Exercise prompt:
Exact copy, no pictures: return all the data below as written.

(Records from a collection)

****************************************

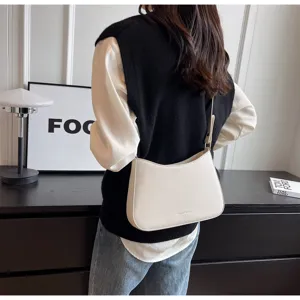 Minimalist white baguette shoulder bag for women, chic retro PU leather underarm purse.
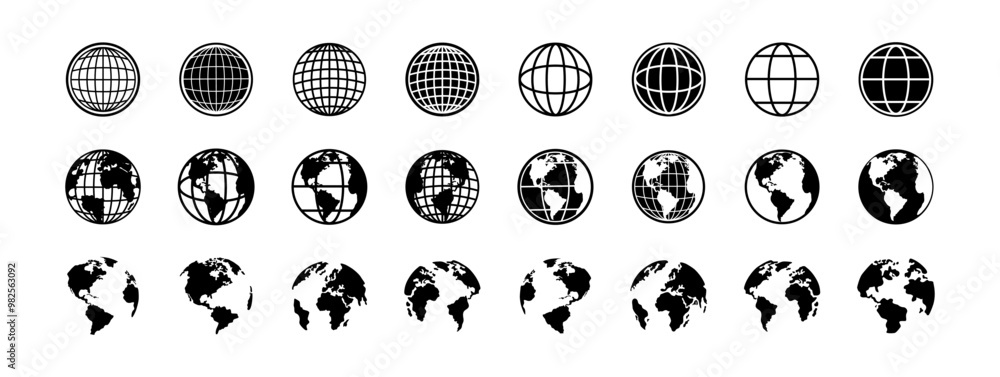 Wall mural globe vector icons. world maps black. earth globe. planet earth in different shapes. big set of eart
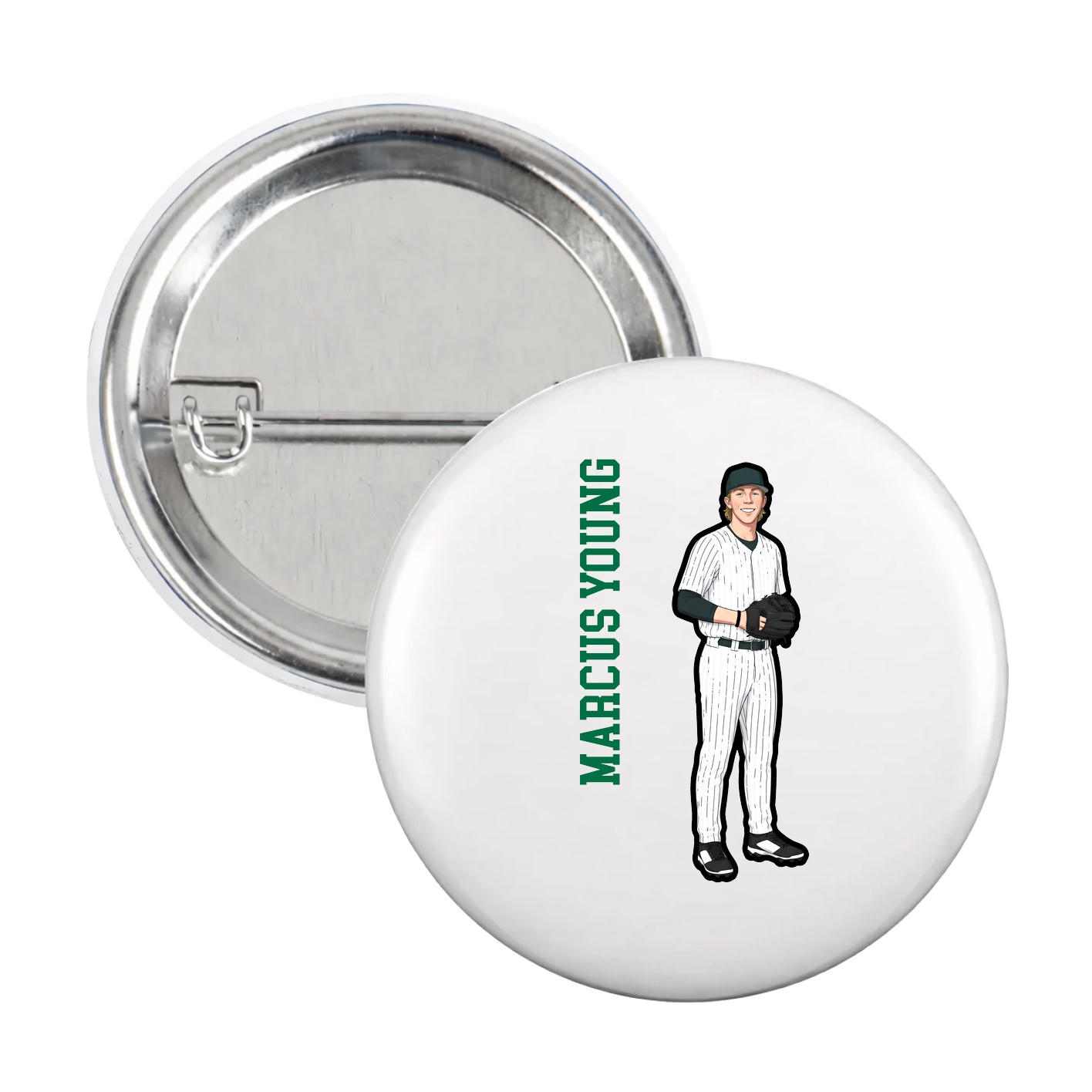 Game Day Button — Name Vertical in White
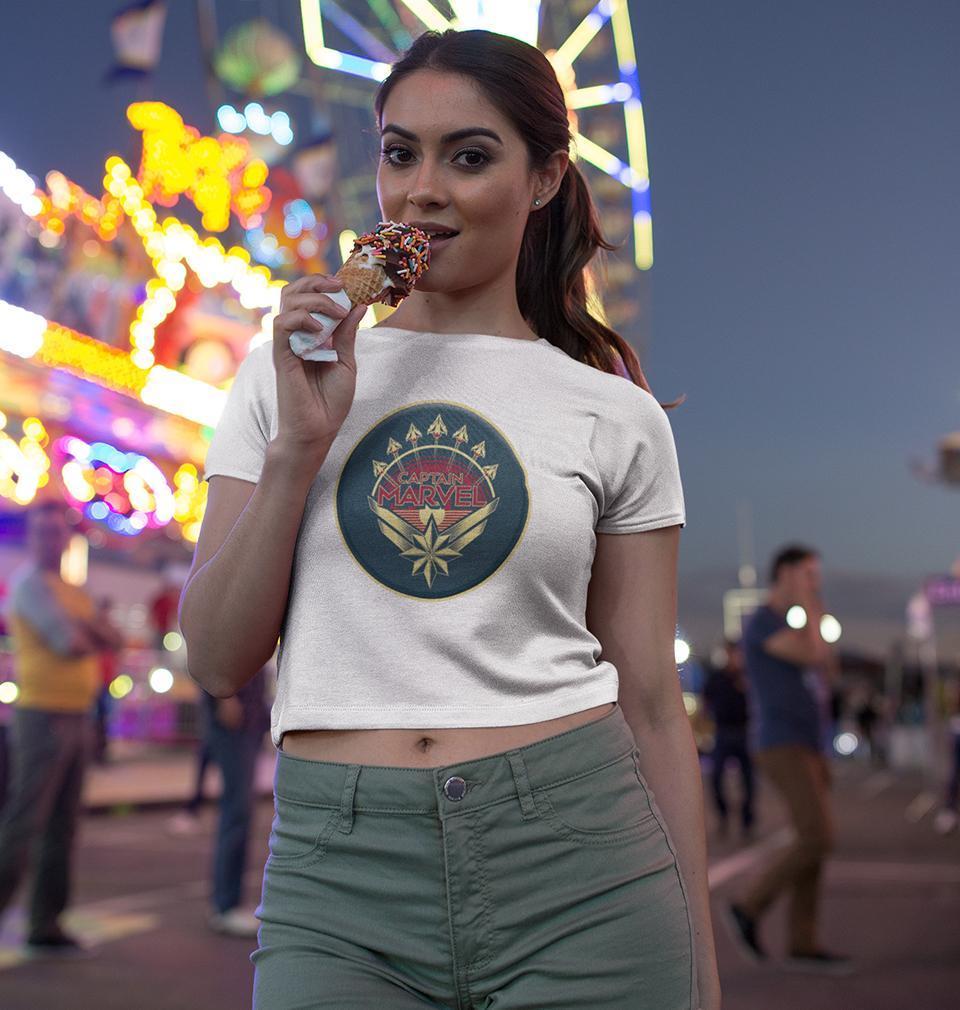 Captain Marvel Womens Crop Top-FunkyTradition Half Sleeves T-Shirt FunkyTradition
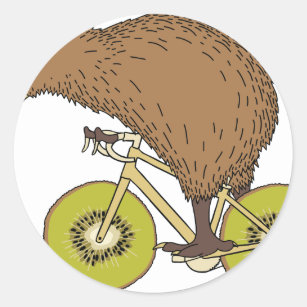 Sticker Rond Vélo d'équitation de kiwi avec des roues de kiwi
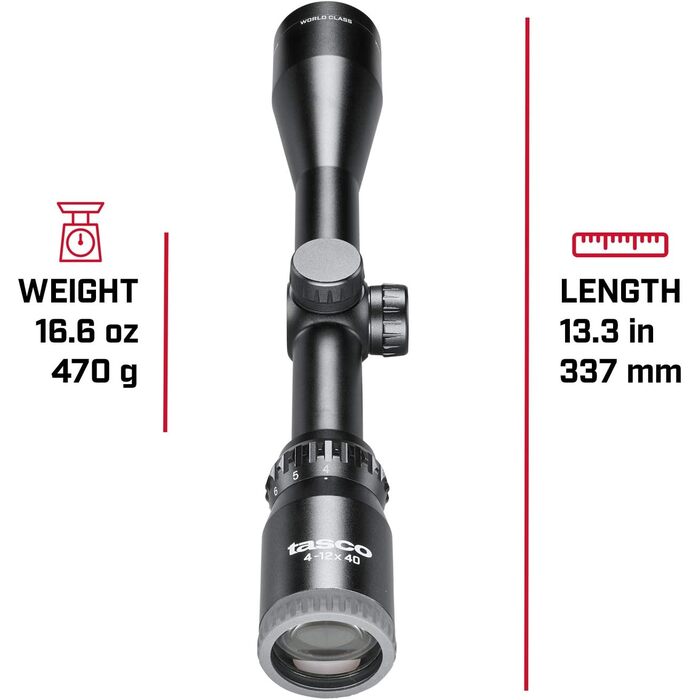 Tasco World Class Rifle Scope 4-12x40mm 30/30 Reticle Black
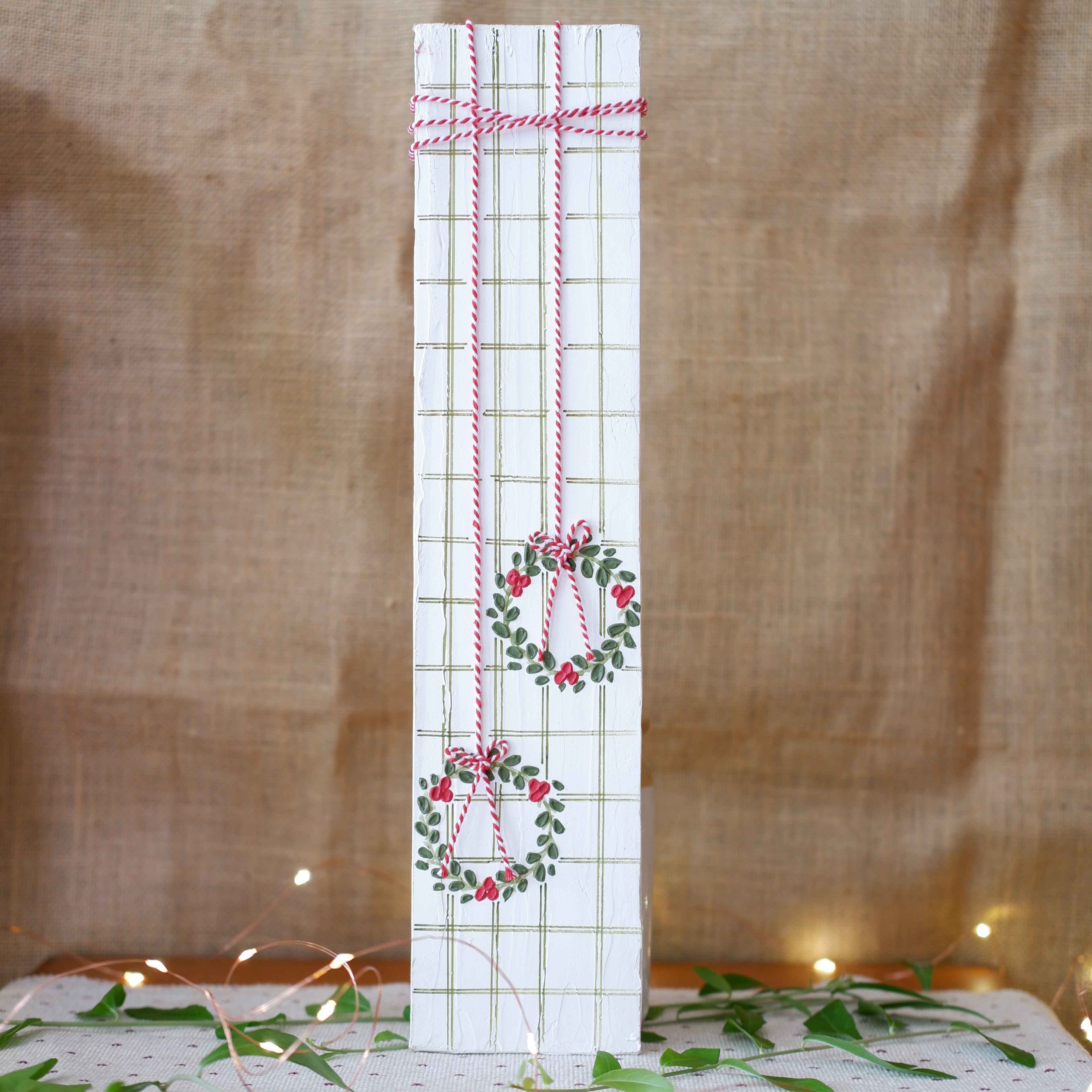 Winter Check Wooden Plank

****************************************

Answer to this task:
 Minimalist white baguette shoulder bag for women, chic retro PU leather underarm purse.
 Wall mural globe vector icons. world maps black. earth globe. planet earth in different shapes. big set of eart
 Game Day Button — Name Vertical in White
 Captain Marvel Womens Crop Top-FunkyTradition Half Sleeves T-Shirt FunkyTradition
 Sticker Rond Vélo d'équitation de kiwi avec des roues de kiwi
 Tasco World Class Rifle Scope 4-12x40mm 30/30 Reticle Black
 Winter Check Wooden Plank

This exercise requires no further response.